Покидая Дольный Снов весною, Ясь не знал, вернется он опять сюда, на винокурню, или не вернется. Сарнецкий же, видя настроение своего помощника, будучи посвященным в его мечты, говорил, что если намерениям пана Луцевича не суждено будет осуществиться, то и в новом сезоне он с радостью встретит его в Дольном Снове. Ясю, однако, эта радость меньше всего улыбалась. Не было никакого желания все начинать сызнова, он давно жаждал вырваться из заколдованного круга, по которому он — осень-зима-весна-лето — блуждает.
А прощаясь с дольносновской паненкой, которая впервые пробудила в нем обжигающую радость и горечь любви, Купала обещал:
Свою самую лучшую песню,
Одинокий, сложу о тебе.
Самая лучшая песня у поэта всегда впереди. Мечту о ней у Купалы родила любовь. Купала, который говорил Андрею Посоху, что для него все его стихи равны, этот Купала неожиданно начинает думать о своей самой лучшей песне и написать ее клятвенно обещает себе и любимой. Предчувствие ли это, что самые лучшие произведения будут вдохновлены женщиной? Понимание ли, что любовь — исток самых высоких песен?..

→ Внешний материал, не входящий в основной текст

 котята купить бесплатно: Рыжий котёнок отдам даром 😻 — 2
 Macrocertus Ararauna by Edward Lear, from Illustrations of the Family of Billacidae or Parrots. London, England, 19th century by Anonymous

Своего обещания дольносновской паненке Купала, однако, не выполнил. Видно, дольносновская любовь была еще не та любовь. Не та, раз ее заглушили другие чувства. Они вдруг, разом нахлынули на Яся в Боровцах летом 1908 года. Нахлынули и вылились в стихах «Развейся, туман...», «Из песен жизни», «Тучи и думы», «Где вы?». Все это были стихи чрезвычайно горестные, очень личные — точная фиксация душевного состояния Купалы, находящегося на распутье, терзающегося тем неведением, той неуверенностью, с которыми он ждал приглашения из Вильно, где его уже хорошо знали, где он второй год активно печатался.
Весьма легко представить Купалу в Боровцах возле старенькой, покосившейся хаты — временного пристанища арендаторши-матери, легко, если вчитаться в его строки-заклинание:
Развейся, туман, не клубися угрюмо
Над хатой, и, дождик, не лей!
Пусть выглянет солнце, пусть горькая дума
Души не терзает моей.
В Боровцах действительно точно в тумане жил поэт и не видел никакого просвета впереди. Его давние мечты об учебе, о Вильно, пронесенные из юности через ад винокурен, были и в самом деле горькими, изводили поэта своей неосуществимостью.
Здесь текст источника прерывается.